Love helps you determine what is best
The Apostle Paul prayed for the saints in Philippi that their “love would overflow more and more in knowledge and full insight” in order to help them “determine what is best”. So when deciding between two goods, love helps you choose the best. Ask yourself, “what would love do?”
Paul gives his own example in chapter one. Faced with his likely execution, he sees living and dying as good options.
“I am torn between the two: my desire is to depart and be with Christ, for that is far better for me; but to remain in the flesh is more necessary for you.” Philippians 1:23–24.
Paul thought dying was better for him. But he knew his people needed him so he made up his mind to pray and fight for that. He chose what was better for others. This is the love that overflows in knowledge and depth of insight. His knowledge of God and insight into God’s love displayed in Christ made him more loving. That love in turn gave him discernment of what was best.

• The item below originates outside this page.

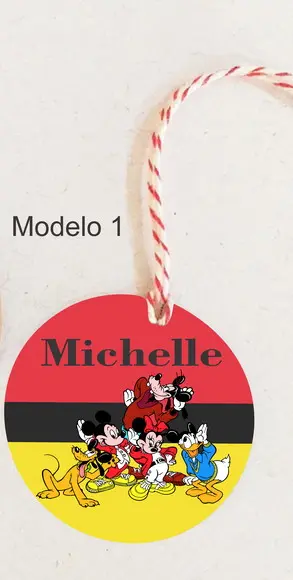Tag Redonda (com Cordão)-turma do Mickey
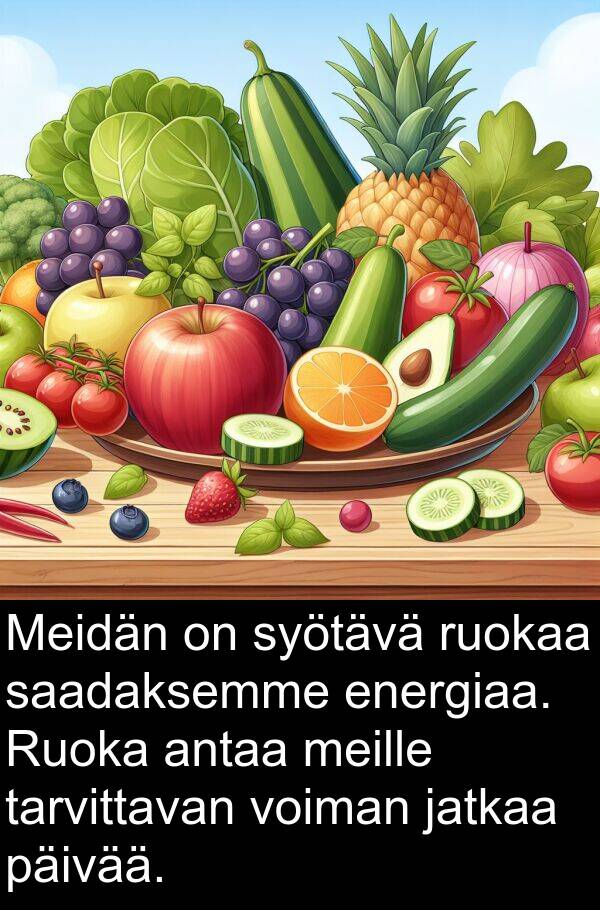 syötävä: Meidän on syötävä ruokaa saadaksemme energiaa. Ruoka antaa meille tarvittavan voiman jatkaa päivää.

Later in the letter he displays Jesus as the ultimate example of how love always puts the good of others ahead itself. Instead of choosing what was better for him, Jesus chose what was better for us. Love chooses what is best for the other.
So when we are given a choice between what’s better for us and what’s better for others, Christians ask what love would do. Then we do that. Not because the governor said so. Because Jesus did. Because Paul did. Because that’s what love does.